- **About this exercise**: Each line of the data below between the one containing "Papier Mousseline Noir" and the one containing "Mainstays 4 Piece Embroidered Curtain", both included, is to be repeated exactly. Please omit pictures.

- **Provided information**:

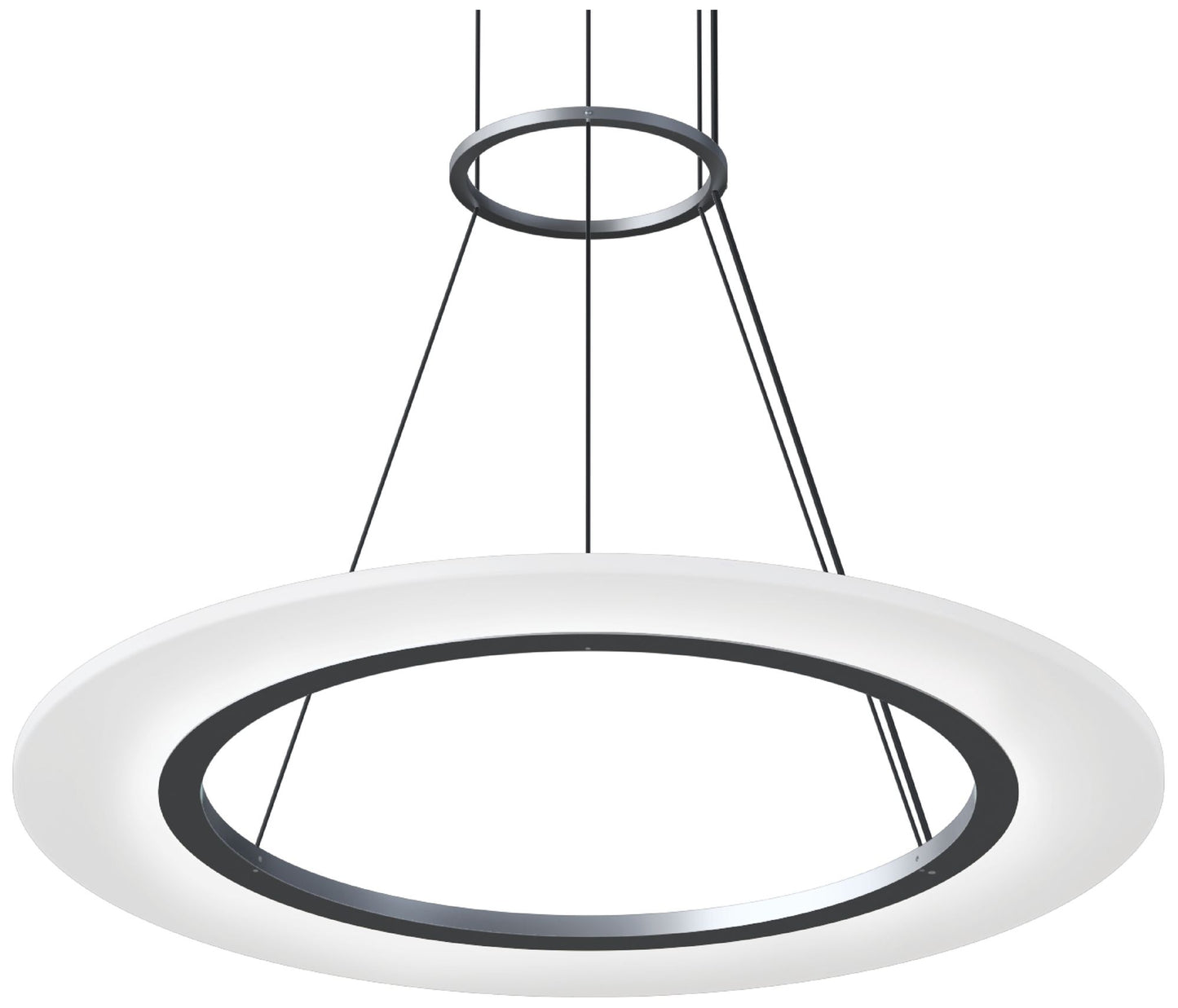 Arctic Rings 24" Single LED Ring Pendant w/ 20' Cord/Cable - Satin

...

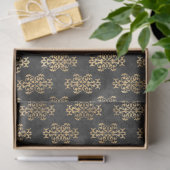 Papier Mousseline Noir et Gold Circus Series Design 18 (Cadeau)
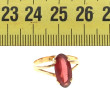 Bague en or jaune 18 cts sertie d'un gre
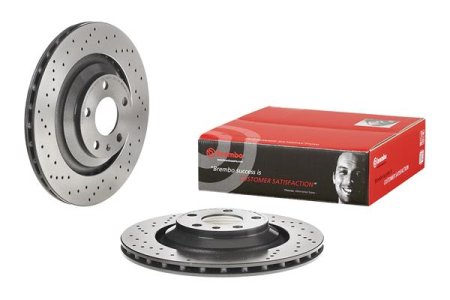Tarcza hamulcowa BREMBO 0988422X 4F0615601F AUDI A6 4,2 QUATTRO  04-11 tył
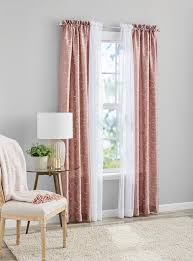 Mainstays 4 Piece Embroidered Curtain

--

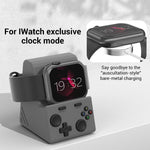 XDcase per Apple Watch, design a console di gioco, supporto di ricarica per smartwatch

- **Output**:
 Papier Mousseline Noir et Gold Circus Series Design 18 (Cadeau)
 Bague en or jaune 18 cts sertie d'un gre
Tarcza hamulcowa BREMBO 0988422X 4F0615601F AUDI A6 4,2 QUATTRO  04-11 tył
 Mainstays 4 Piece Embroidered Curtain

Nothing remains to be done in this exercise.